The fate of the Yazidi civilians, who have little access to food or water, has sparked international concern and Earnest said it was a situation the US was “looking at very closely”.
"These actions have exacerbated an already dire humanitarian crisis and the situation is nearing a humanitarian catastrophe," he said.
"We're concerned about the welfare of the large community of Iraqi Yazidis who are stranded on Mount Sinjar without food, water or shelter and the Iraqi Christians who have been forced to flee from their villages in the region.”
France calls emergency UN meeting
At France's request, the UN Security Council was due to hold an emergency meeting on Iraq later Thursday, after ISIS seized the country's largest Christian town, Qaraqosh.
The talks were scheduled to begin at 5.30pm (2130 GMT), a diplomatic source said.
"France is very deeply concerned by the latest advances of (ISIS militants) in the north of Iraq and the taking of Qaraqosh, the biggest Christian city in Iraq, as well as by the intolerable abuses that were committed," French Foreign Minister Laurent Fabius said in a statement.
"Given the seriousness of the situation – the first victims of which are civilians and religious minorities – France is requesting an urgent meeting of the Security Council so the international community can mobilise to counter the terrorist threat in Iraq and support and protect the population at risk," he said.
ISIS moved into Qaraqosh and other towns overnight after the withdrawal of Kurdish peshmerga troops, residents said.
Religious leaders said ISIS militants have forced 100,000 Christians to flee and have occupied churches, removing crosses and destroying manuscripts.

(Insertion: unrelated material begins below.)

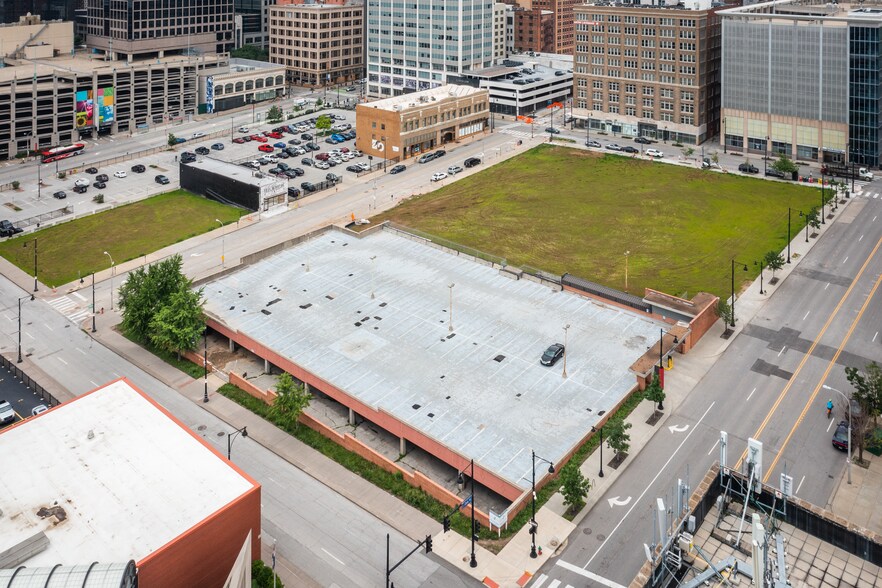 More Photos Of 1211 McGee St, Kansas City Land For Lease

The UN council on Tuesday condemned attacks by ISIS fighters in Iraq and warned that those responsible for the violence could face trial for crimes against humanity.
The council warned that ISIS posed a threat not only to Iraq and Syria but to "regional peace, security and stability".
"Widespread or systematic attacks directed against any civilian populations because of their ethnic background, religion or belief may constitute a crime against humanity, for which those responsible must be held accountable," said the statement read by British Ambassador Mark Lyall Grant.